# TASK:
Pictures aside, reproduce exactly and only the lines from the one containing "Building Photo - Spacious" through the end of the records.

# EXERCISE MATERIALS:
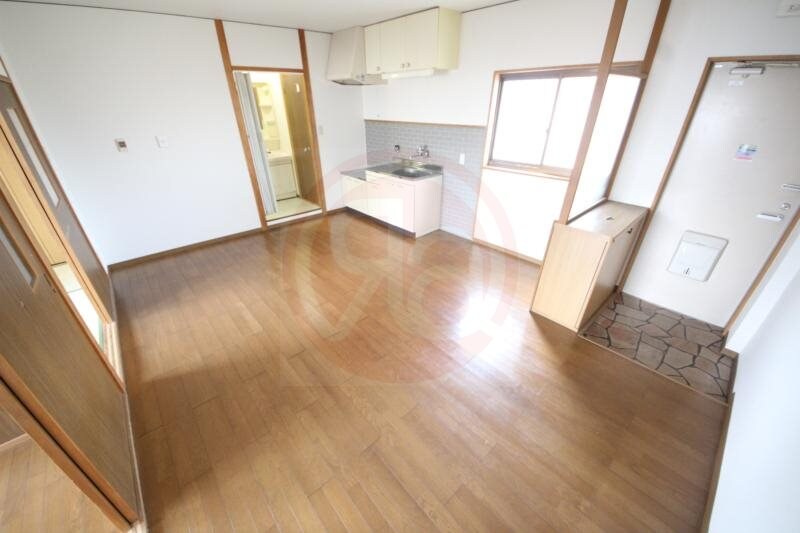 物件内観写真17　(使い勝手のいい洋室です)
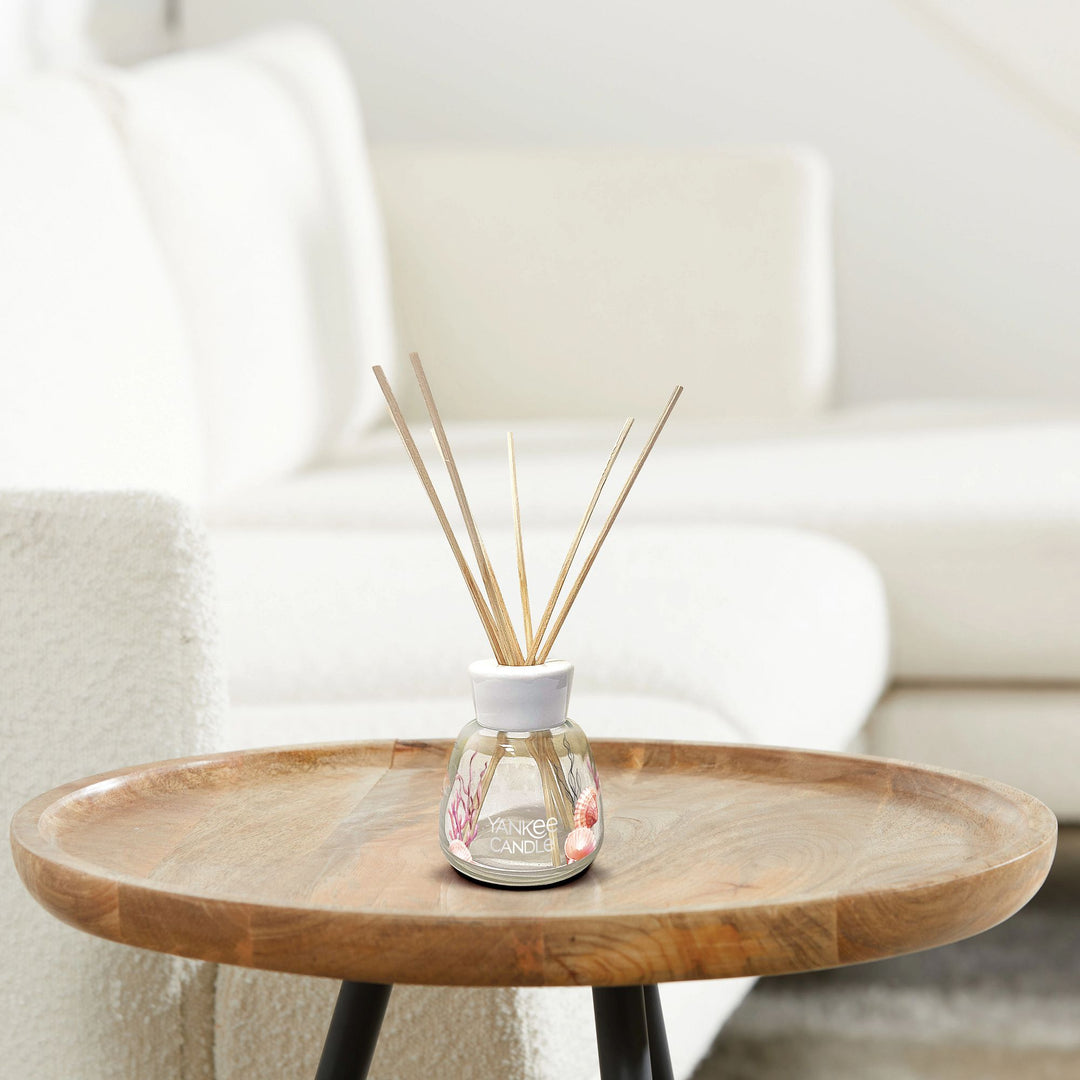 Pink Sands Reed Diffuser by Yankee Candle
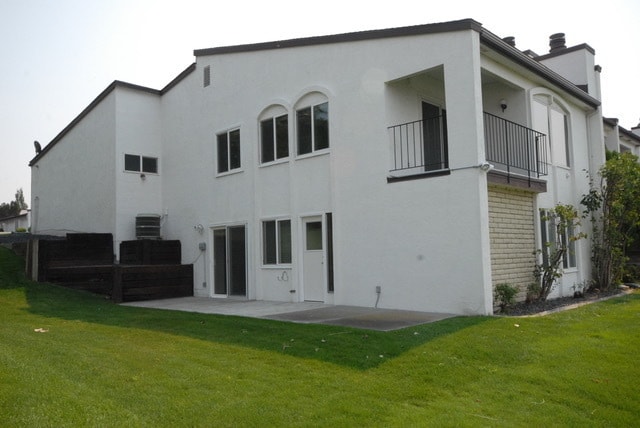Building Photo - Spacious Townhome with Expansive View and a 2 Car Private Garage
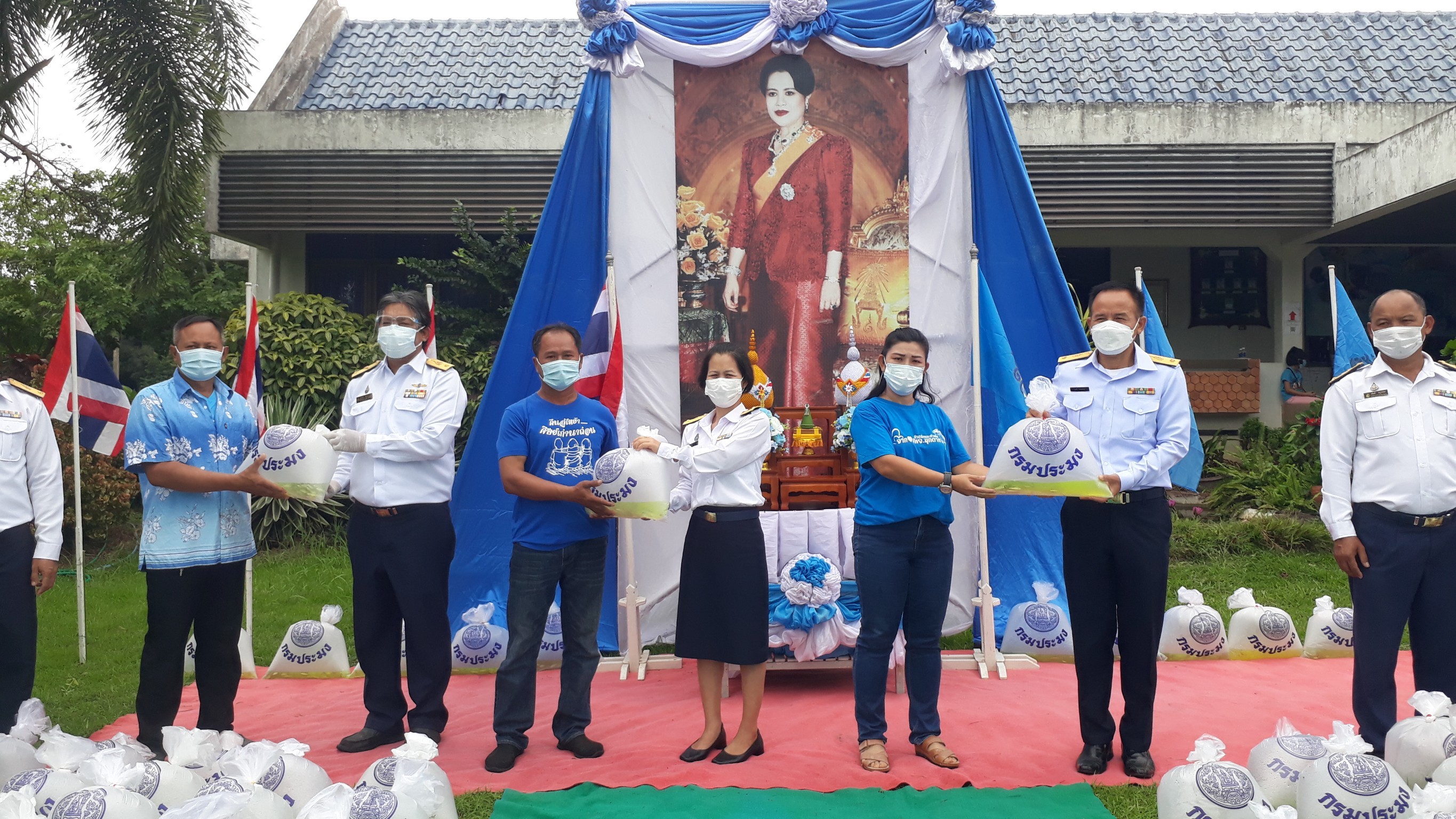 หน่วยงานสังกัดกรมประมงจังหวัดมุกดาหาร จัดพิธีมอบพันธุ์สัตว์น้ำเฉลิมพระเกียรติ เนื่องในวันเฉลิมพระชนมพรรษาฯ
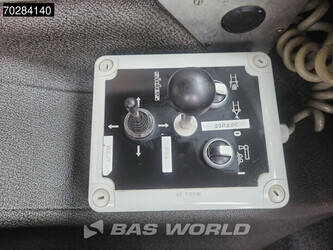 2009-renault-thomas-45447726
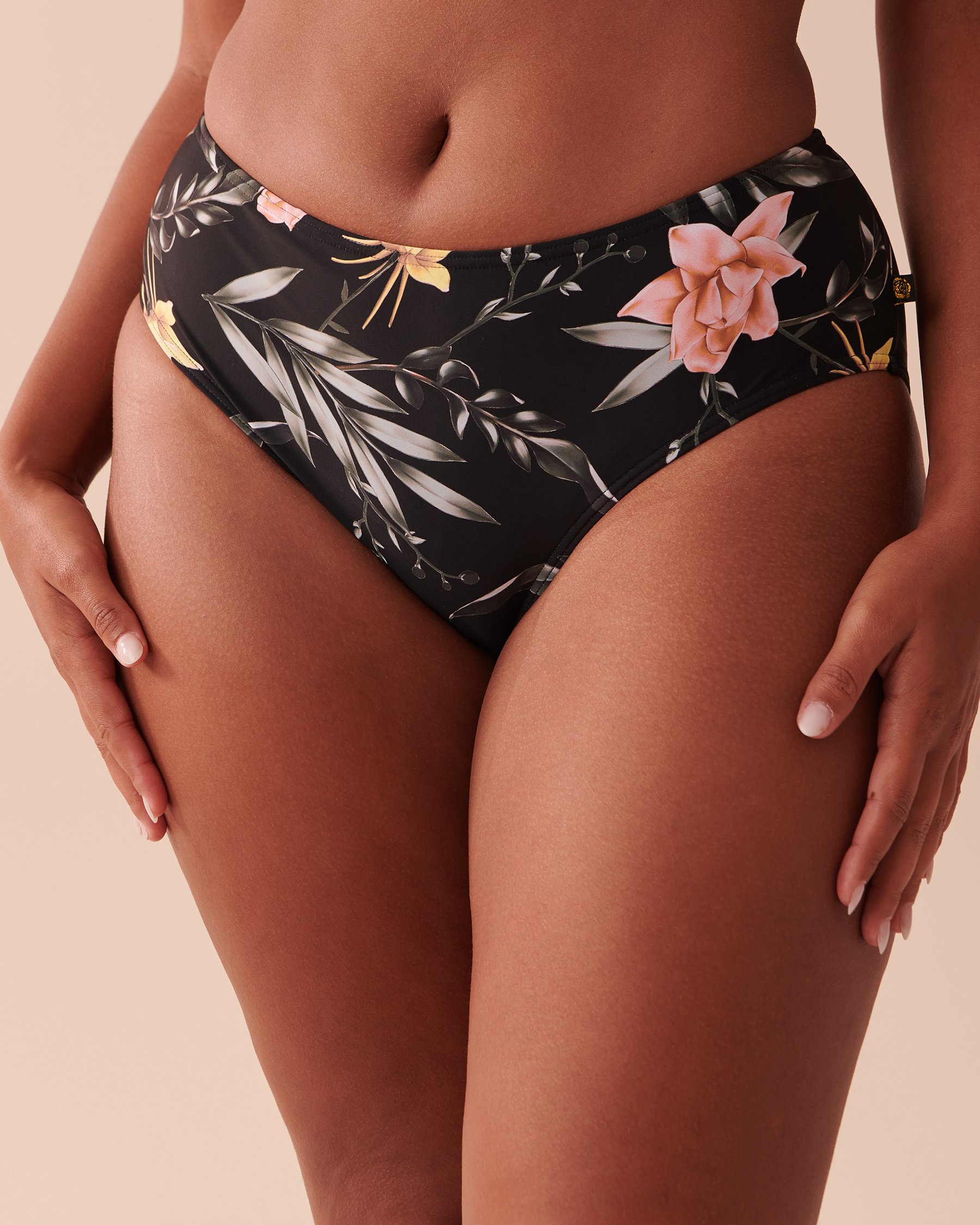 LA VIE EN ROSE AQUA TROPICAL Mid Waist Bikini Bottom Black Tropical Blooms 70300516 - View1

# EXERCISE OUTPUT:
Building Photo - Spacious Townhome with Expansive View and a 2 Car Private Garage
 หน่วยงานสังกัดกรมประมงจังหวัดมุกดาหาร จัดพิธีมอบพันธุ์สัตว์น้ำเฉลิมพระเกียรติ เนื่องในวันเฉลิมพระชนมพรรษาฯ
 2009-renault-thomas-45447726
 LA VIE EN ROSE AQUA TROPICAL Mid Waist Bikini Bottom Black Tropical Blooms 70300516 - View1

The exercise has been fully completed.